▸ EXERCISE PROMPT: Every entry below should be reproduced exactly, with all pictures left out.

---- PROVIDED MATERIAL

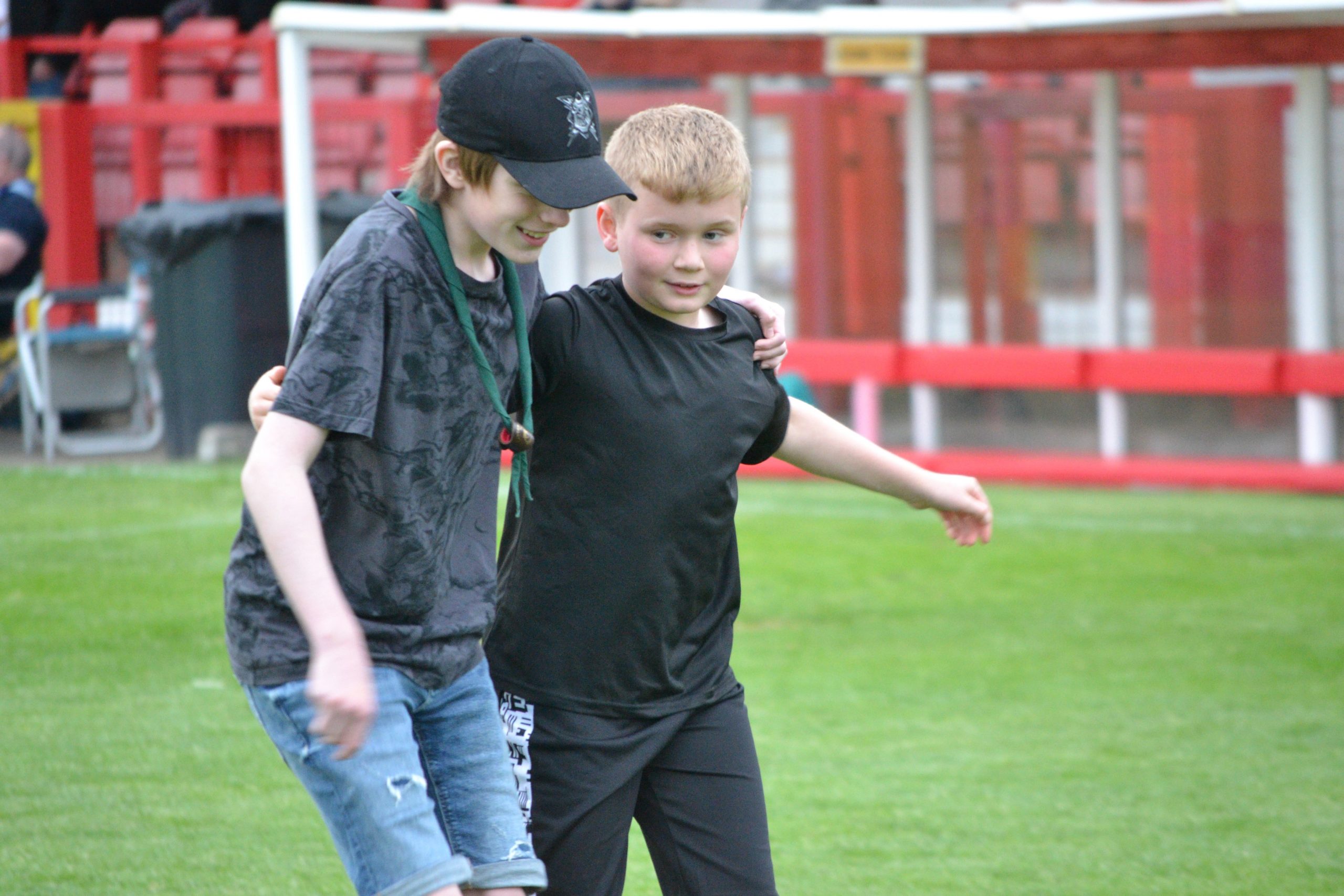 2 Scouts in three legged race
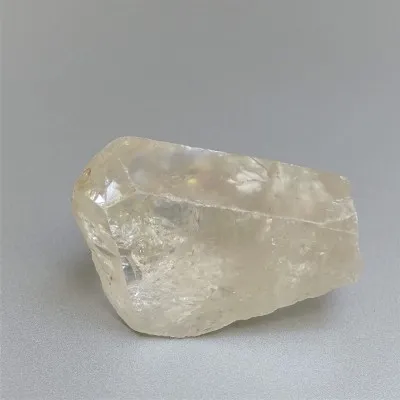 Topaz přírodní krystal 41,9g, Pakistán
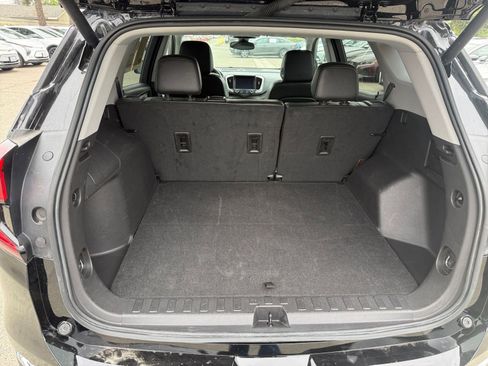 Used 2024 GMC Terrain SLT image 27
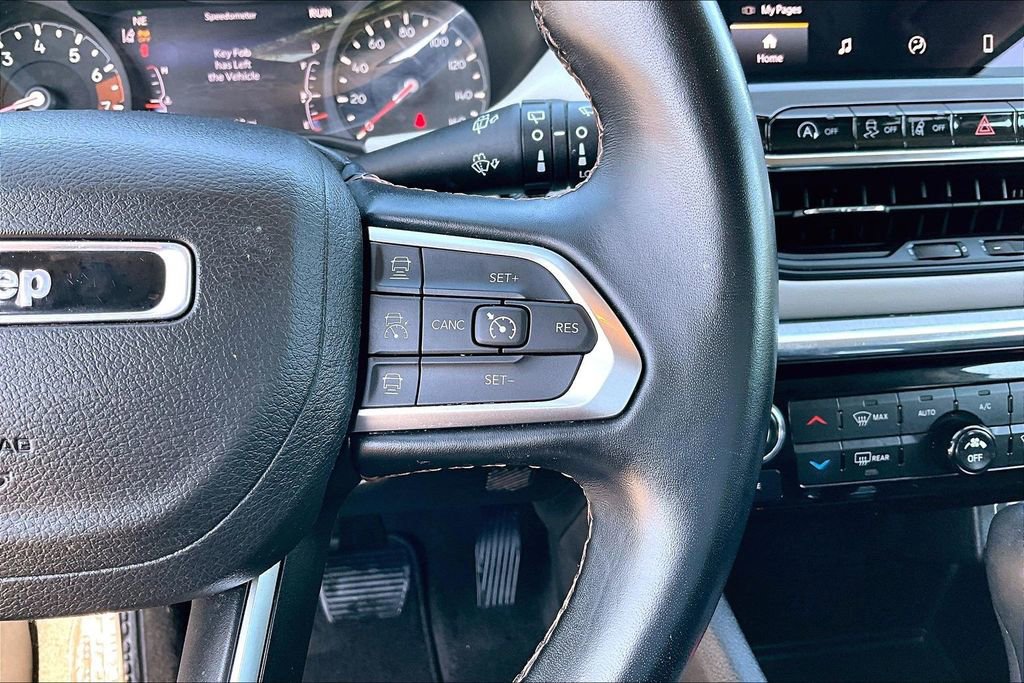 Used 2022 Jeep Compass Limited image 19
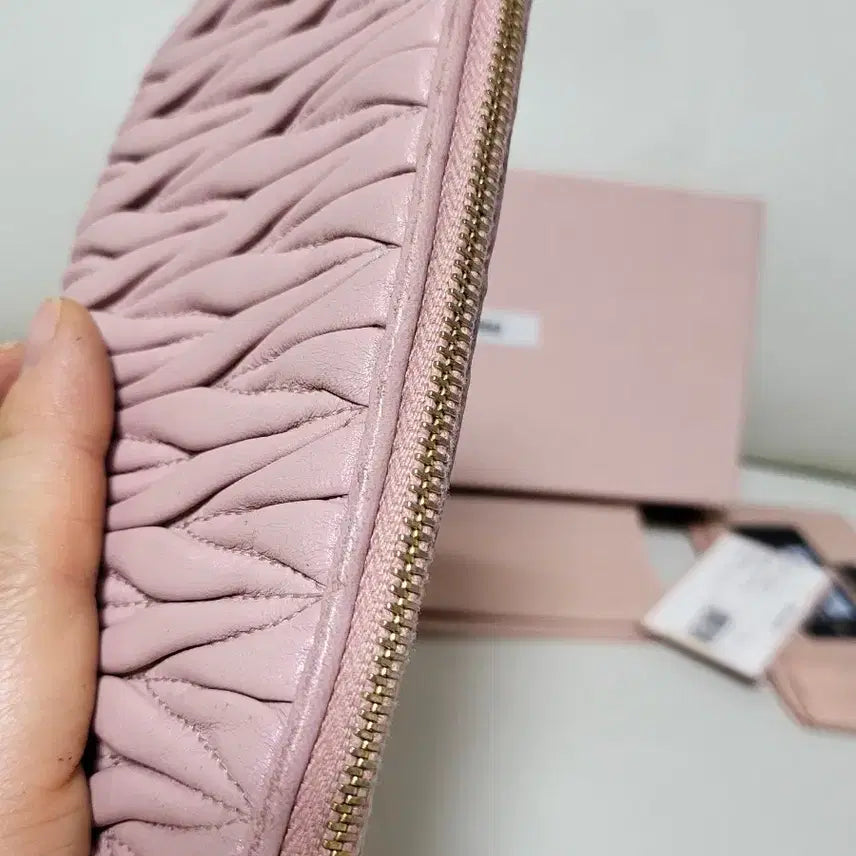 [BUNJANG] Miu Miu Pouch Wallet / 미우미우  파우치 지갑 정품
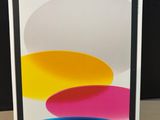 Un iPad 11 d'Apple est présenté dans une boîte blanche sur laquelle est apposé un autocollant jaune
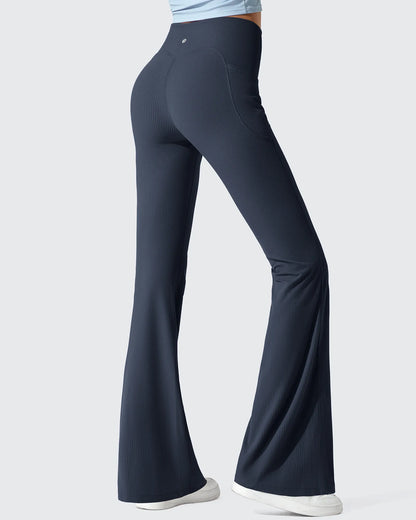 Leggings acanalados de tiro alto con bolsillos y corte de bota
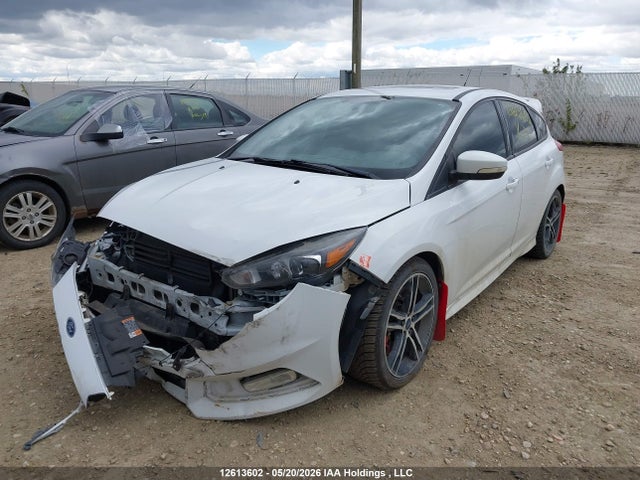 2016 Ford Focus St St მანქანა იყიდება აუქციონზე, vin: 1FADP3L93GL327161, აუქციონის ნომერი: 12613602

--------

▸ RESULT OF THIS EXERCISE:
 2 Scouts in three legged race
 Topaz přírodní krystal 41,9g, Pakistán
 Used 2024 GMC Terrain SLT image 27
 Used 2022 Jeep Compass Limited image 19
 [BUNJANG] Miu Miu Pouch Wallet / 미우미우  파우치 지갑 정품
 Un iPad 11 d'Apple est présenté dans une boîte blanche sur laquelle est apposé un autocollant jaune
 Leggings acanalados de tiro alto con bolsillos y corte de bota
 2016 Ford Focus St St მანქანა იყიდება აუქციონზე, vin: 1FADP3L93GL327161, აუქციონის ნომერი: 12613602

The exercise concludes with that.